Hendricus Bremmer
Hendricus Bremmer had an interesting career. The multitalented artist was a taught draftsman and painter. In circa 1896 the young Bremmer gave up his professional career as an artist to work as an art journalist and art teacher. In the following years he became also active as an art agent, art dealer, publisher and curator. He had become one of the most influential figures within the art scene in the Netherlands in the first half of the twentieth century.
From 1893-95 the young painter Bremmer had his atelier at the attic of his parents’ hotel Hotel Rijnland in Leiden. By then Bremmer was already very much interested in contemporary French literature and poetry. He enjoyed debating life stance with others. His atelier became a cultural hotspot visited by national and international painters and writers a.o. Henry van de Velde, Theo van Rysselberghe, as well as writers Joséphin ‚Sar‘ Péladan and August Vermeylen. At the time Bremmer declined invitations to exhibit at the Salon de Rose + Croix and Les XX exhibitions. Some of his international visitors came on Toorop’s recommendation who worked in the early 1890’s in the artist colony of Katwijk aan Zee’s only a few kilometers from Leiden.
In 1896 Bremmer started to teach as a Leraar Praktische Aesthetica, a teacher in art and aesthetics. He taught small groups of students most of them coming from prominent elite families. Those lessons were an enormous success. His teaching material did not only consist of reproductions. He also showed original drawings, paintings and sculptures in his lessons. Some of the works belonged to his own art collection that he was putting together. The outspoken Bremmer challenged his students, who also enjoyed spending time together with like-minded peers, to look at and think about art. Within years Bremmer was teaching throughout the Netherlands and thus created a powerful network which constituted the basis of his work as an art advisor. Quite a few of his students got inspired and started to collect art. Bremmer advised them on their acquisitions. He operated as an art consultant and as an art dealer. The most famous student who became an art collector is Helene Kröller Müller. She was one of the wealthiest citizens in the Netherlands when she joined Bremmer’s lessons in 1909. Bremmer became her art agent and they assembled the most important collection of modern art in the Netherlands, nowadays the collection of the Kröller Müller Museum.
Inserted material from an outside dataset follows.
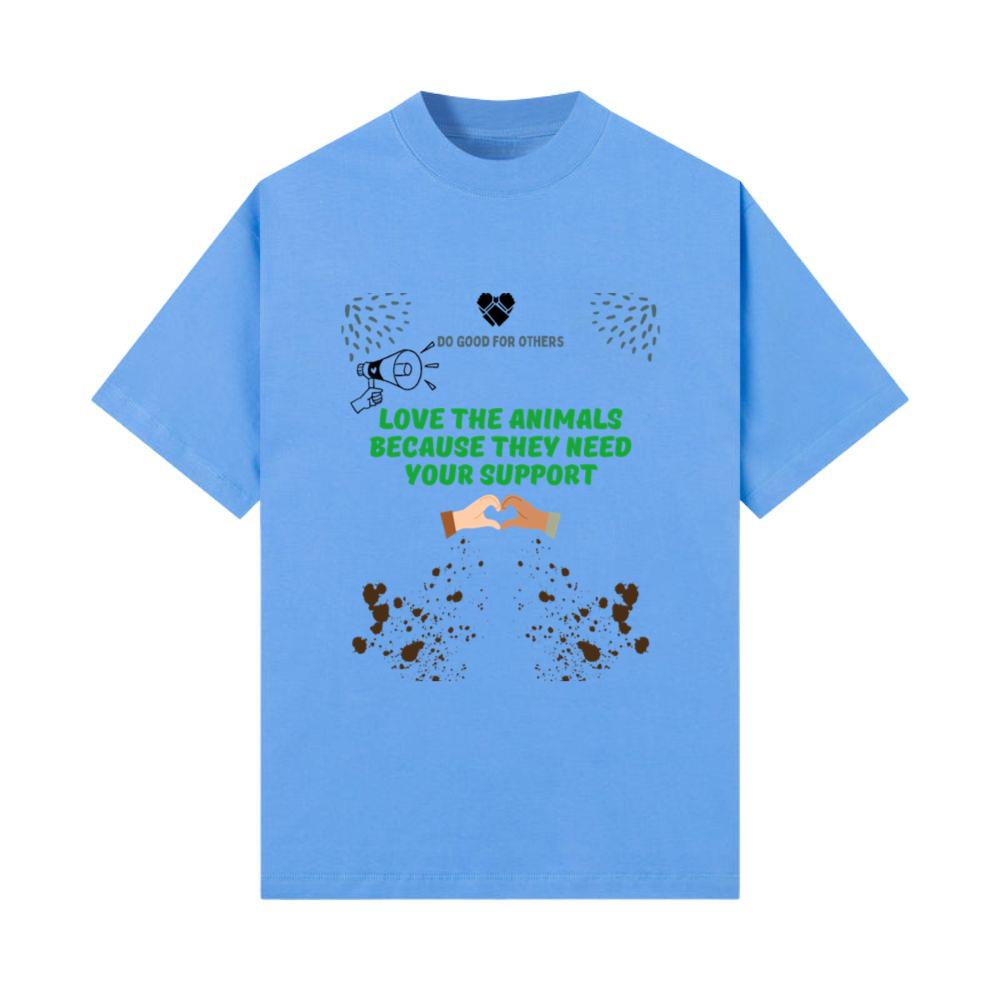 Love the animals because they need your support T-Shirt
Bremmer was one of the first who understood and acknowledged the importance of Vincent van Gogh. He was at the top of list of artists that Bremmer promoted. Bremmer contributed to Van Gogh’s popularity and rising fame at the beginning of the twentieth century. He owned seventy paintings and drawings by Van Gogh in 1883. As a result of Bremmer’s advice The Kröller Müller collection now features ninety of paintings and hundred eighty drawings by Van Gogh. It is the second largest collection of works by this artist in the world.
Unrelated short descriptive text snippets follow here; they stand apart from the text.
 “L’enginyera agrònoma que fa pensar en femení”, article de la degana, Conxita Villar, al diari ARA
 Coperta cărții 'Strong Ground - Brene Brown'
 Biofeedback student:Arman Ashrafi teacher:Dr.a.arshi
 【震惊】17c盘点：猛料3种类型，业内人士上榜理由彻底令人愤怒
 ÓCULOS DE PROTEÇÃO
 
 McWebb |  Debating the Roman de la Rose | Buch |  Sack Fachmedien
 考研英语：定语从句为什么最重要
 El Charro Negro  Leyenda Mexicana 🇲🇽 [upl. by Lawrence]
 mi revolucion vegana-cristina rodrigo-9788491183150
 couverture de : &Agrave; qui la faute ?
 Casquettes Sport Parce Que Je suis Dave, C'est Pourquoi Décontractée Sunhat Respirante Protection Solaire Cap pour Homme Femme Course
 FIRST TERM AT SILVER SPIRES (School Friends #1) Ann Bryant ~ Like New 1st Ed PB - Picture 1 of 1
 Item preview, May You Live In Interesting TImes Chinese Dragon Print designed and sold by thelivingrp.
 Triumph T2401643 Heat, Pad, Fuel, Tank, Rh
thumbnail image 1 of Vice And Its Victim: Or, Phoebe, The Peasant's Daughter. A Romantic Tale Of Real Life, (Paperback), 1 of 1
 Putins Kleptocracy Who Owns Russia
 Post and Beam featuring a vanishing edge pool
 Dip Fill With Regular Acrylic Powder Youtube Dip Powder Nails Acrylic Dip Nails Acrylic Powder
Bremmer published several books and magazines on art throughout his career. His success, fame and influence lured many contemporary artists towards him. Among them were Bart van der Leck, Jan and Charley Toorop, Jan Sluiters, Chris Beekman, Johan Thorn Prikker, Dirk Nijland and many others. Many of them he supported. His help varied from giving advise, providing introductions, publishing about their art, selling their work or supporting them financially.